**GIVEN MATERIAL:**

Content starts

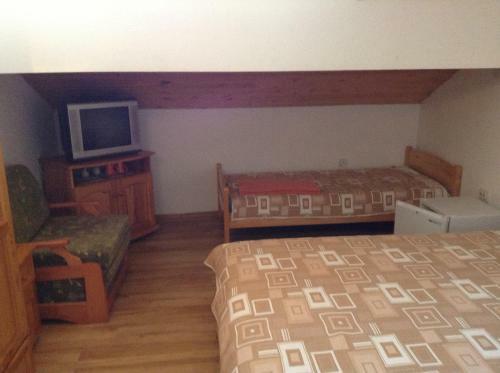 Hostal Guest Rooms Toni & Miro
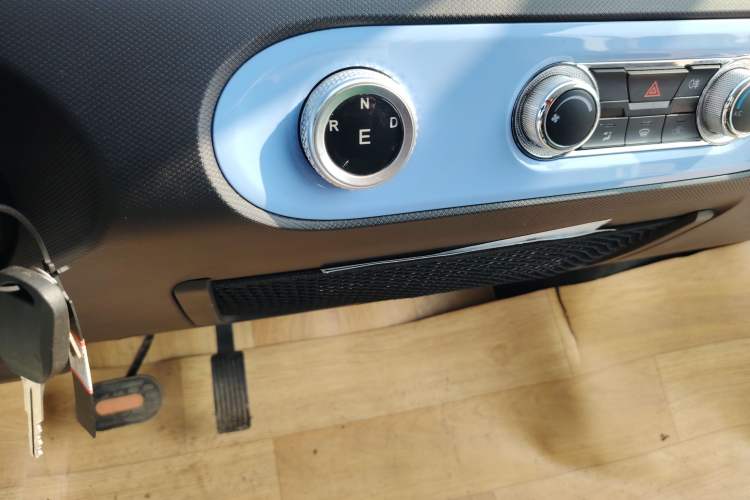 Used REACH MINI Truck 2023 120km Long Wheelbase Van-Type Striving Edition Gear Lever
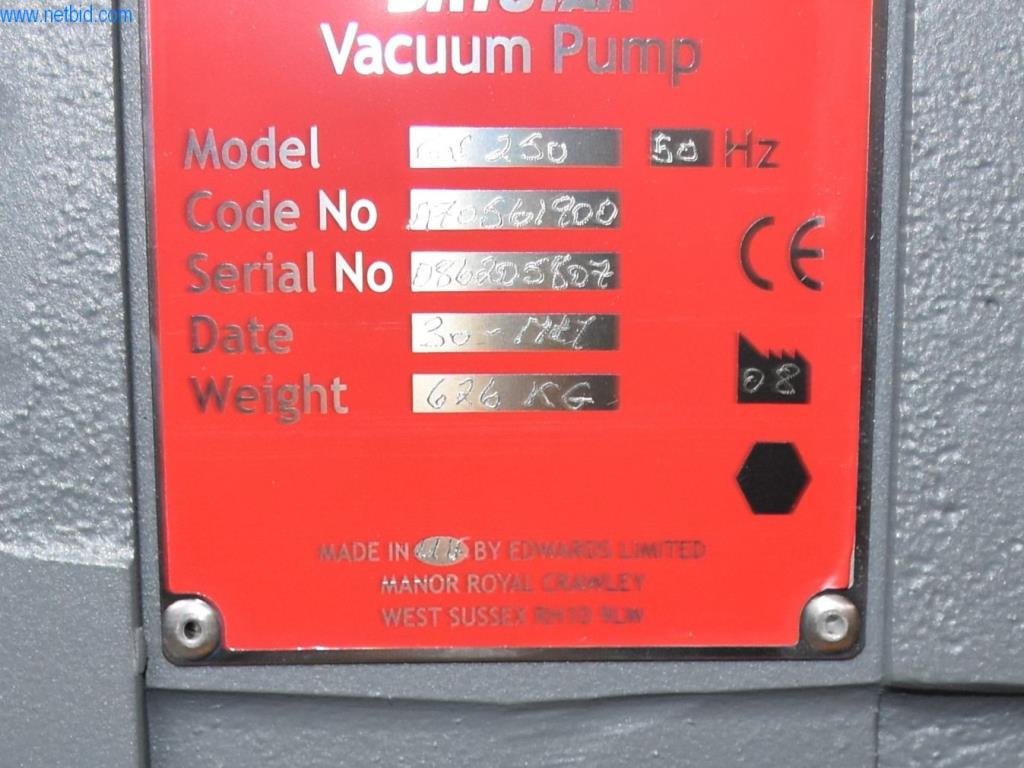 Umfangreiche Bestände an Vakuumpumpen, Meßgeräten, Ersatzteilen und Zubehör-5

Content ends

**WORK TO BE COMPLETED:**
Transcribe the full listing exactly, but keep every image out of it.

**RESPONSE:**
 Hostal Guest Rooms Toni & Miro
 Used REACH MINI Truck 2023 120km Long Wheelbase Van-Type Striving Edition Gear Lever
 Umfangreiche Bestände an Vakuumpumpen, Meßgeräten, Ersatzteilen und Zubehör-5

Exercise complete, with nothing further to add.